- _AVAILABLE DATA_

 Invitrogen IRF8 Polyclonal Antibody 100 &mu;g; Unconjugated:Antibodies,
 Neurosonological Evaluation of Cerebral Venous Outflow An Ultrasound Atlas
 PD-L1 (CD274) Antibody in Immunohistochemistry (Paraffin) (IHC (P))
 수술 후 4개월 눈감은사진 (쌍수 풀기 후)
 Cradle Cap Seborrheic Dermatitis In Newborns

--

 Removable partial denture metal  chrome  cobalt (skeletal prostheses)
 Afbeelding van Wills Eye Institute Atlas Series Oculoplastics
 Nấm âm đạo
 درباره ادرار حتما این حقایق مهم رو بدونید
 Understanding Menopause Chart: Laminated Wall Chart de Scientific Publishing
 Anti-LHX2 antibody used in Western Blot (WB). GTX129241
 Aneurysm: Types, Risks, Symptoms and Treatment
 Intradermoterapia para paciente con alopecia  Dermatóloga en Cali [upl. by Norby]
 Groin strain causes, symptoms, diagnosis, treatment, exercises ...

* * *

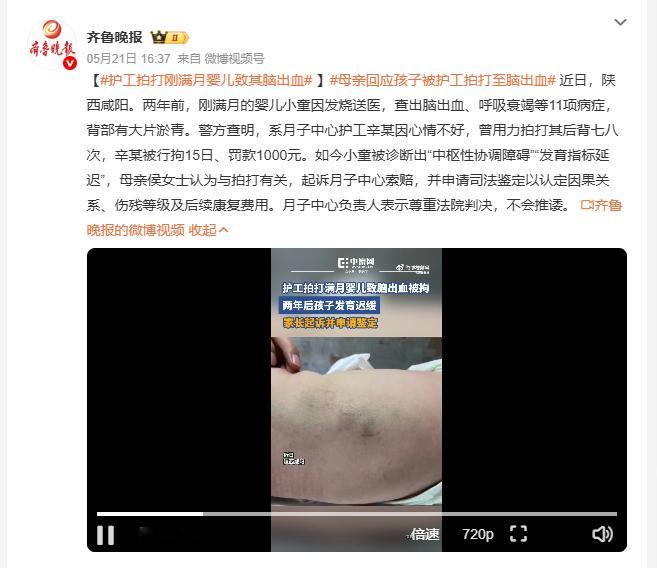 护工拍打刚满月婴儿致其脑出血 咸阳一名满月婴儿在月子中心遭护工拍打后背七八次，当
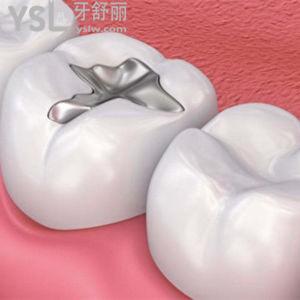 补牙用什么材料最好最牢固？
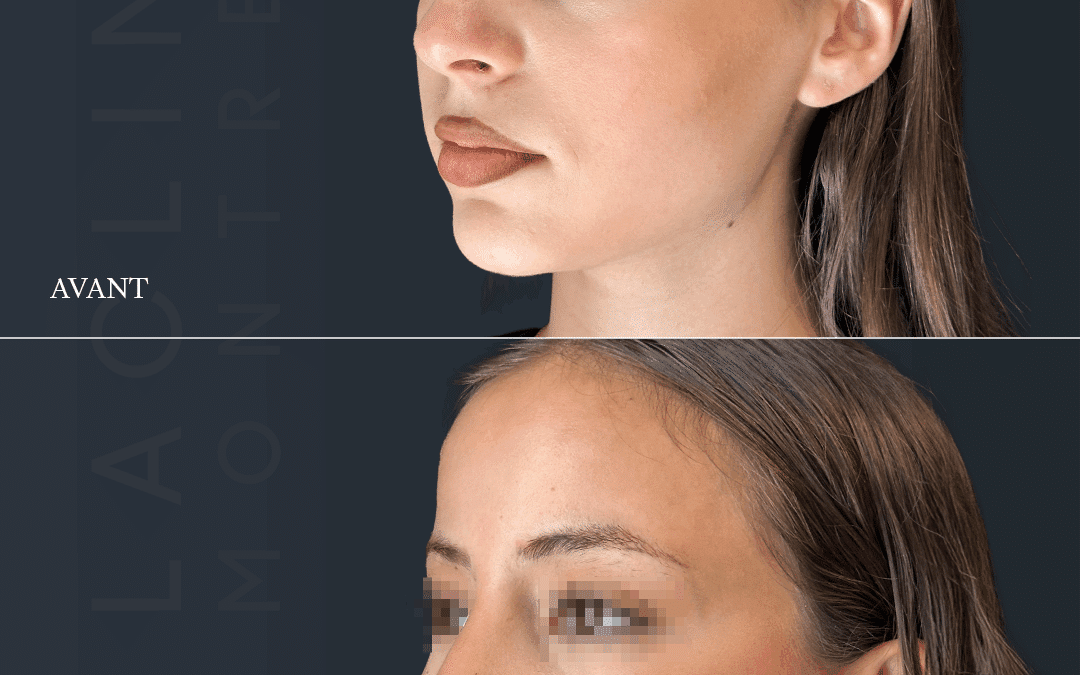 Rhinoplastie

- _ASSIGNMENT_
Wherever the word "Atlas" turns up in the records, copy out the line it is on.

- _ANSWER SECTION_
 Neurosonological Evaluation of Cerebral Venous Outflow An Ultrasound Atlas
 Afbeelding van Wills Eye Institute Atlas Series Oculoplastics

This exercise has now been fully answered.